1~3月期GDP3.9%増、“驚きの”上方修正 賃金も上昇で“希望が持てる兆候”と米紙
内閣府は8日、1〜3月期の実質GDPを年率換算3.9%増と、速報値(2.4%)から上方修正した。企業の設備投資が予想よりも活発だった事が主な要因だ。市場予想も大きく上回った。ウォール・ストリート・ジャーナル紙(WSJ)などの海外メディアは、驚きを込めて日本経済の復活の兆しを伝えている。
◆企業の活発な設備投資が要因
発表されたGDP改定値は、物価変動の影響を除く実質で前期比1.0%増(速報値から+0.4%)、年率換算では3.9%増と大幅な上昇となった。生活実感に近いとされる名目は前期比2.3%増(年率換算9.4%増)と、バブル期以来の高水準となった(日本経済新聞)。ブルームバーグ・ニュースによる事前調査の予想中央値は、0.7%増(年率2.8%)で、これも大きく上回った。
1日に公表された法人企業統計の内容を加味した結果、企業の設備投資が2.7%増と、速報値の0.4%増から大幅に引き上げられた(ブルームバーグ)。結果的に、これが全体の数字を押し上げたようだ。WSJはこれを「驚きの上方修正」、英フィナンシャル・タイムズ紙(FT)は「昨年の消費税増税アップ以来の最高のパフォーマンス」と伝えている。

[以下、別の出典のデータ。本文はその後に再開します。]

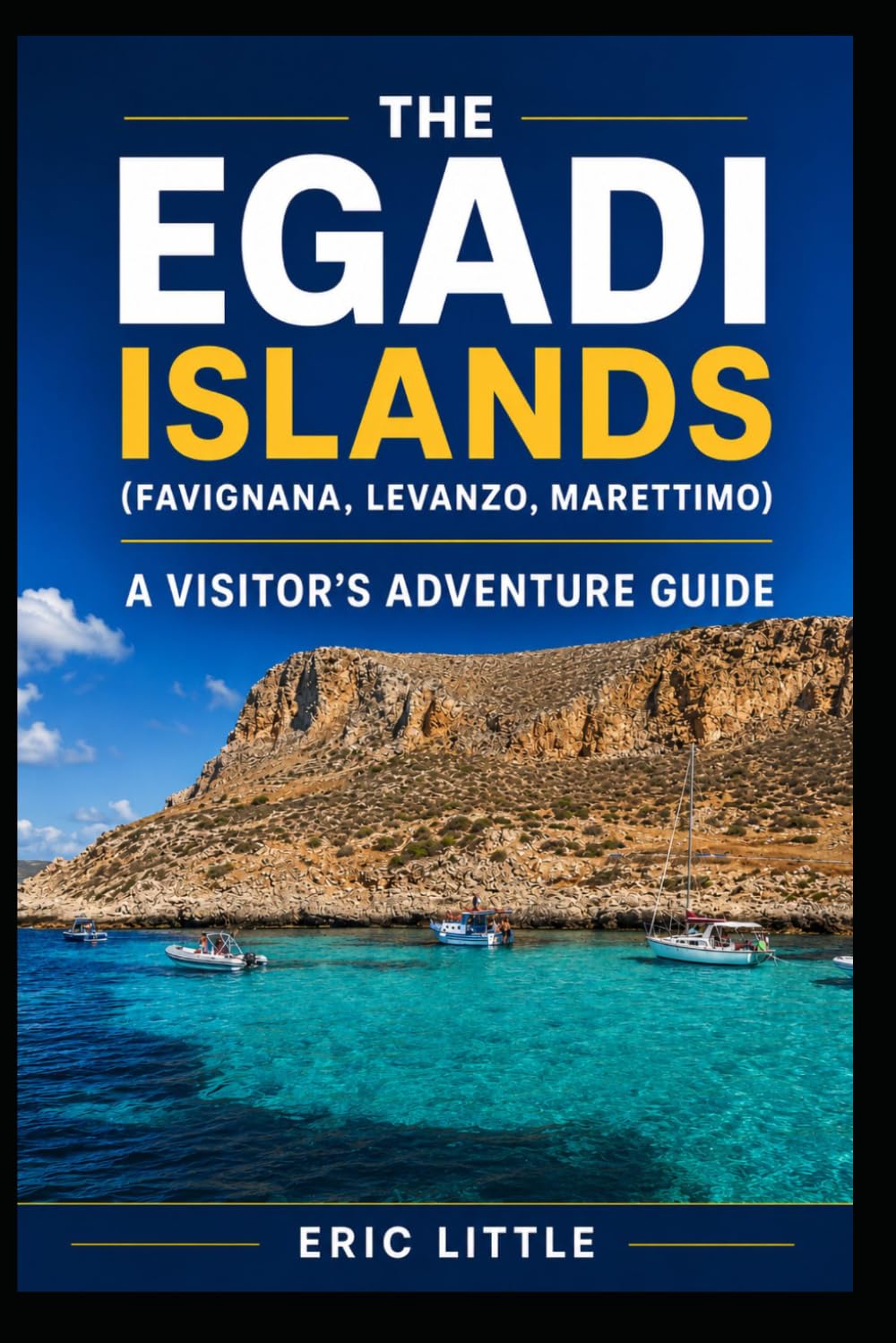 THE EGADI ISLANDS (Favignana, Levanzo, Marettimo): A VISITOR’S ADVENTURE GUIDE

WSJは、活発な設備投資の例として、2社のケースを挙げている。半導体メーカーのロームは、中国のスマートフォンと自動車の半導体需要増に合わせ、今年度の設備投資を54%増の750億円とする予定だという。清水建設は、国内のオンラインショッピング市場の拡大に対処するため、今年度、流通倉庫の建設に600億円を投じる計画だ。また、秋のスマートフォンの新製品発売に備え、需要が見込まれる部品の在庫を増やし始めている電気メーカーもあるという。
◆夏のボーナスアップも期待できる?
一方、GDPの6割を占める個人消費は0.4%増(年率換算1.5%増)と速報と変わらなかった。WSJは、「国内消費の低調さを払拭できない限り、この好調なペースは維持できない」とするエコノミストたちの見方を伝えている。

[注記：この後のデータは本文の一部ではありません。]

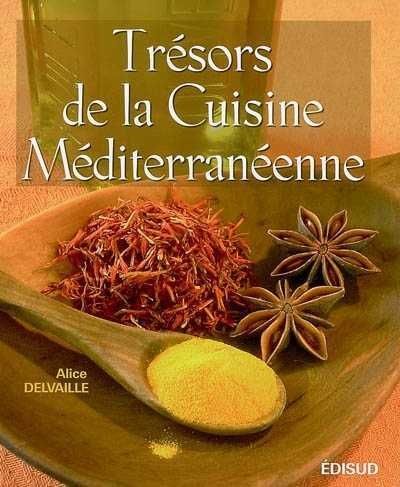 Livre d'occasion - Trésors de la cuisine méditerranéenne  - Alice Delvaille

しかし、WSJは別の記事で「日本経済は低迷からやっと抜け出したが、消費者はまだ十分に役割を果たしていない。だが、そんな状況も間もなく変わるかもしれない」とし、企業の業績好調と共に賃金アップと、それに続く個人消費の本格回復も期待もできるとしている。同紙は、今回の予想外のGDPの伸びは先進国中最も早い成長ペースだったと記す。
厚生省が2日に発表した速報値によれば、4月の1人あたりの現金給与総額(名目賃金)は、3月の横ばいから前年同月比0.9%増と上昇に転じた。WSJは「ほんの1カ月の数字とは言え、日本では年度初めの4月に新賃金体系が適用される企業が多いことから、向こう1年間に希望が持てる兆候だ。夏のボーナスシーズンの上昇率はさらに高くなるだろう」と期待を寄せている。
◆今後はペースダウンの予想も、輸出に明るい兆し
WSJは「黒田東彦日銀総裁は、力強い労働市場が最終的にはインフレにつながると主張してきた。今回のGDP改定値は総裁の主張を裏付けている」と評価。うまくいっている現状で日銀が近い時期に追加金融緩和に打って出る公算は少ないと見ている。
ただし、今後は設備投資が一段落することなどに伴い、日本の経済成長はペースダウンすると見ている識者が多いようだ。日本経済研究センターのまとめでは、4〜6月期のGDPは1.7%増(年率換算)に落ち、7〜9月期も2.0%にとどまるという予測が出ている。
貿易収支の改定値は、輸出2.4%増、輸入2.9%増で、それぞれ速報値と同じだった。今回は目立って良い数字は出ていないものの、海外に製造拠点を移していた日本の製造業が円安の恩恵と共に国内回帰しているとも言われている。WSJは、「いい数字がようやく出始めている」と、輸出も今回の好調要因に挙げている。FTも日本経済の全体像を、消費税増税のショックから徐々に回復していると見ているようだ。